↓

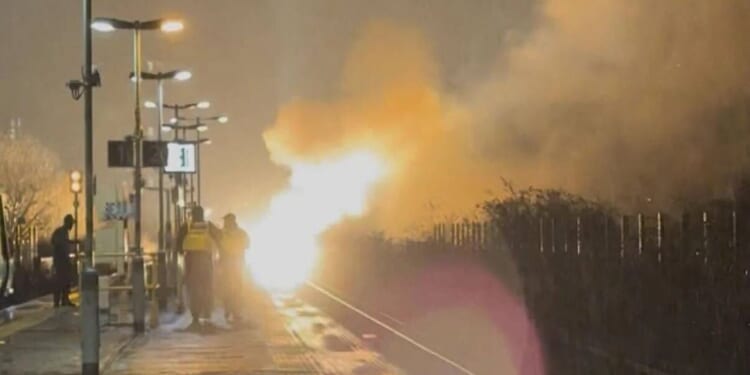 London station evacuated as huge fire spotted near tracks | UK | News
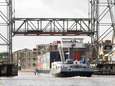 Minder verkeersdrukte door meer aquaducten? Eén containerschip vervoert een lading van wel negentig vrachtauto’s
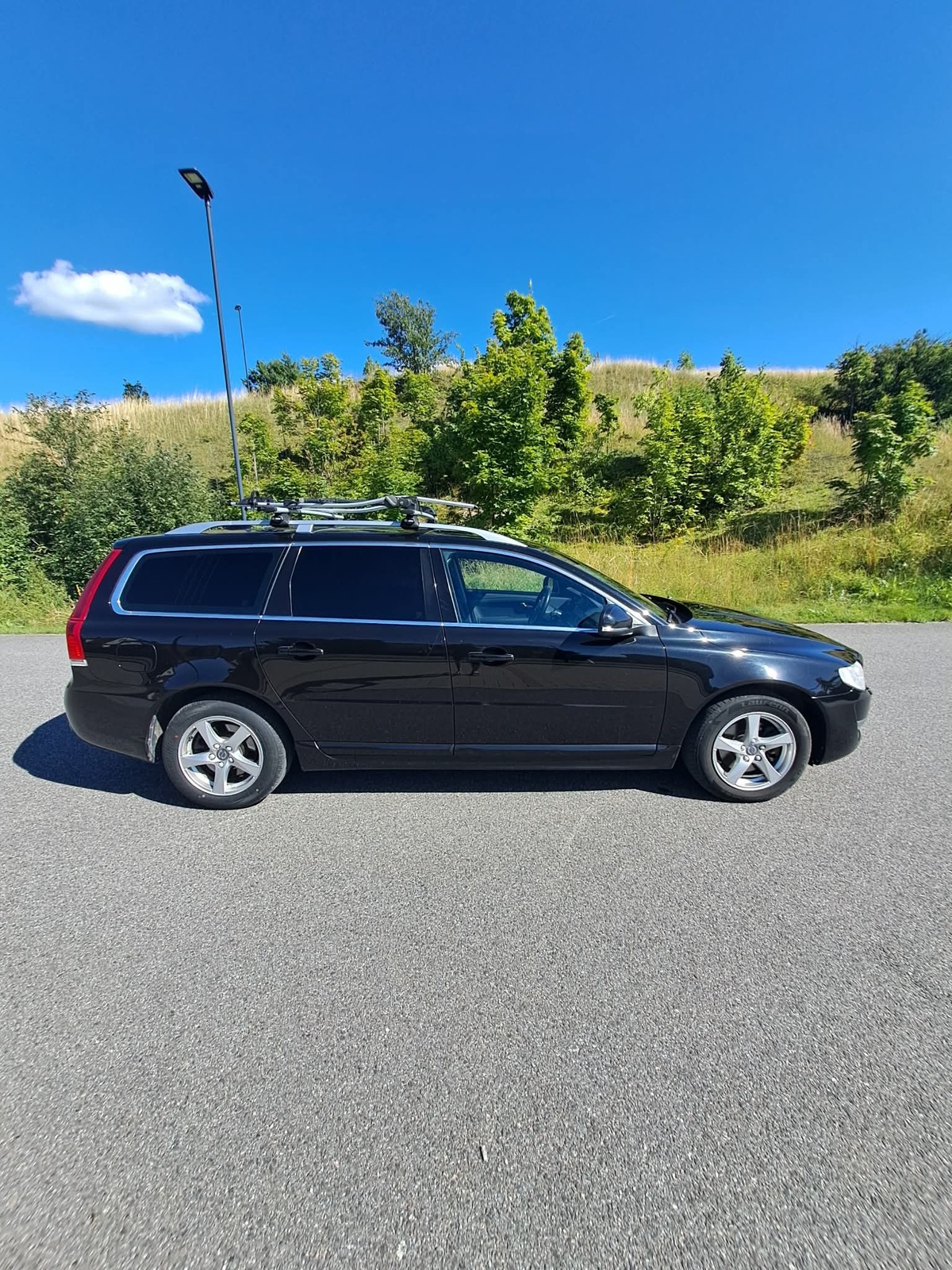 Volvo V70 2016, photo 2/7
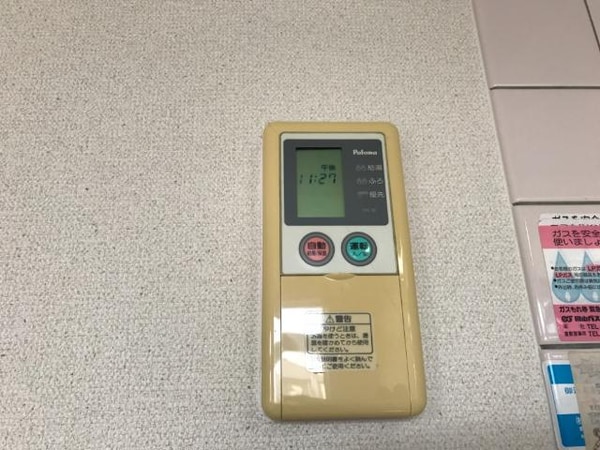 建物設備(給湯器リモコン)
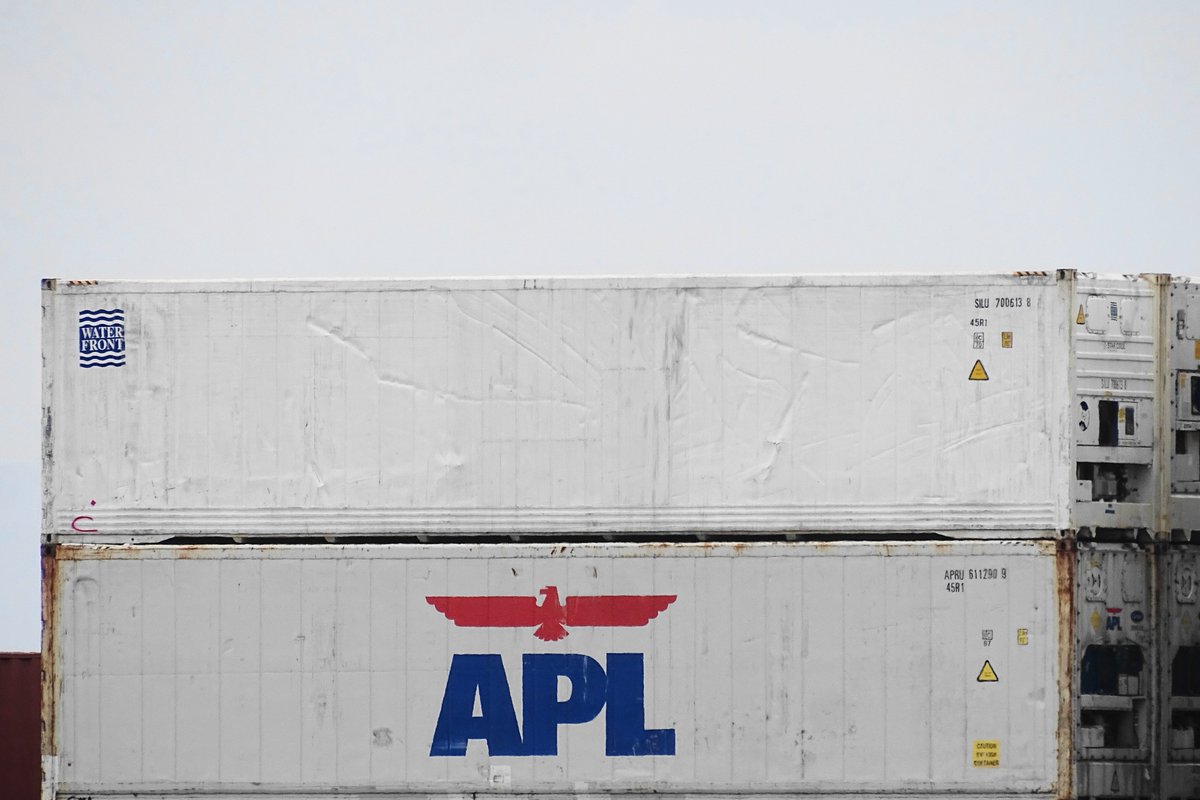 MarineTainer's tweet photo. 以前撮り逃したWATERFRONTのリーファーを初確保！
SILU 700613 8　45R1
所有者名：WATERFRONT CONTAINER LEASING CO INC.
リース先：CMA-CGM
2026.5.3 ��牧埠頭 https://t.co/AqNKxTgISc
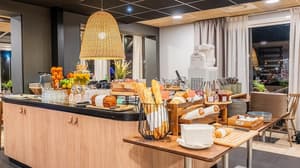 thumbnail: Breakfast area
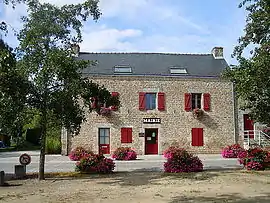 The town hall in Lanvaudan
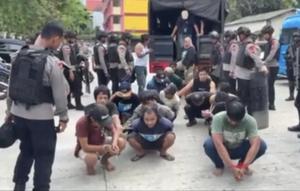 Pasukan gabungan menggelar operasi di kawasan dikenal sebagai salah satu kampung rawan narkoba. (Dok. Istimewa)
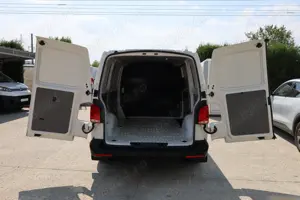 Volkswagen Transporter L1H1 2.0 110 CP - imagine 10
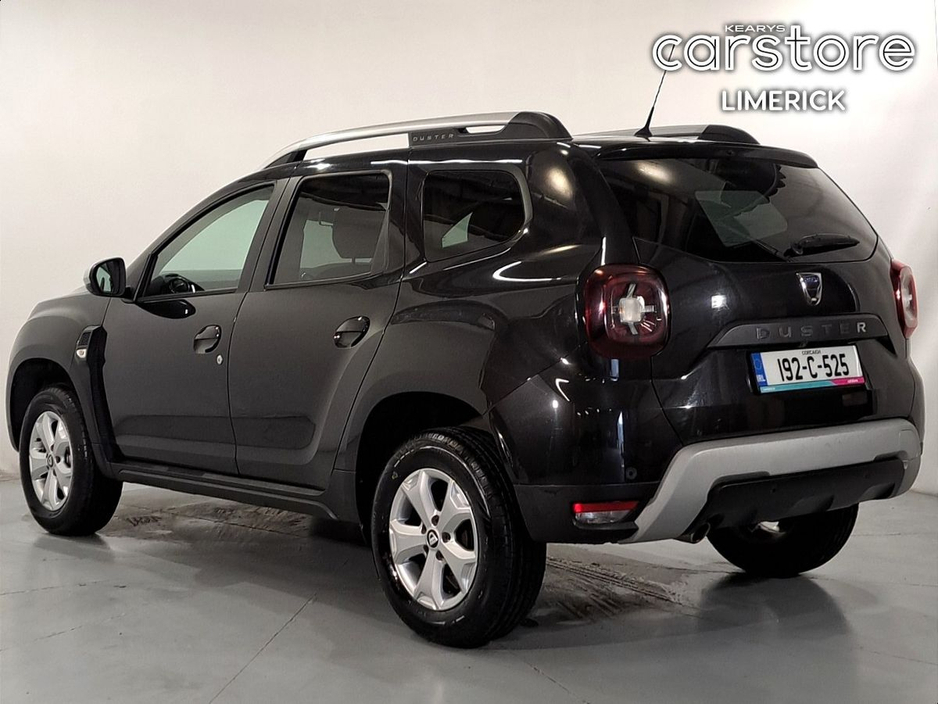 2019 Dacia Duster - image 5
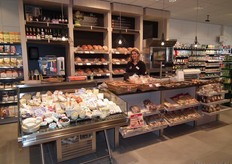 De broodafdeling is ruim opgezet.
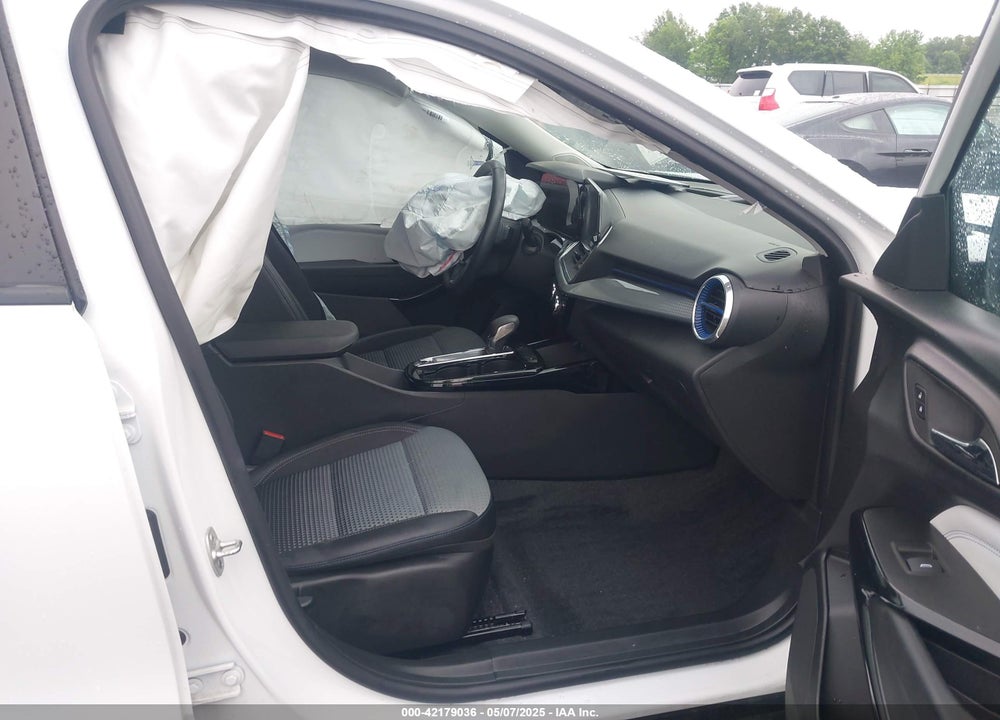 2024 CHEVROLET TRAX FWD LT VIN: KL77LHE22RC241307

↑

Your answer must be the lines from the one containing "MarineTainer's tweet photo." through the last line of the listing above, restated word for word, with no pictures.

 MarineTainer's tweet photo. 以前撮り逃したWATERFRONTのリーファーを初確保！
SILU 700613 8　45R1
所有者名：WATERFRONT CONTAINER LEASING CO INC.
リース先：CMA-CGM
2026.5.3 ��牧埠頭 https://t.co/AqNKxTgISc
 thumbnail: Breakfast area
 The town hall in Lanvaudan
 Pasukan gabungan menggelar operasi di kawasan dikenal sebagai salah satu kampung rawan narkoba. (Dok. Istimewa)
 Volkswagen Transporter L1H1 2.0 110 CP - imagine 10
 2019 Dacia Duster - image 5
 De broodafdeling is ruim opgezet.
 2024 CHEVROLET TRAX FWD LT VIN: KL77LHE22RC241307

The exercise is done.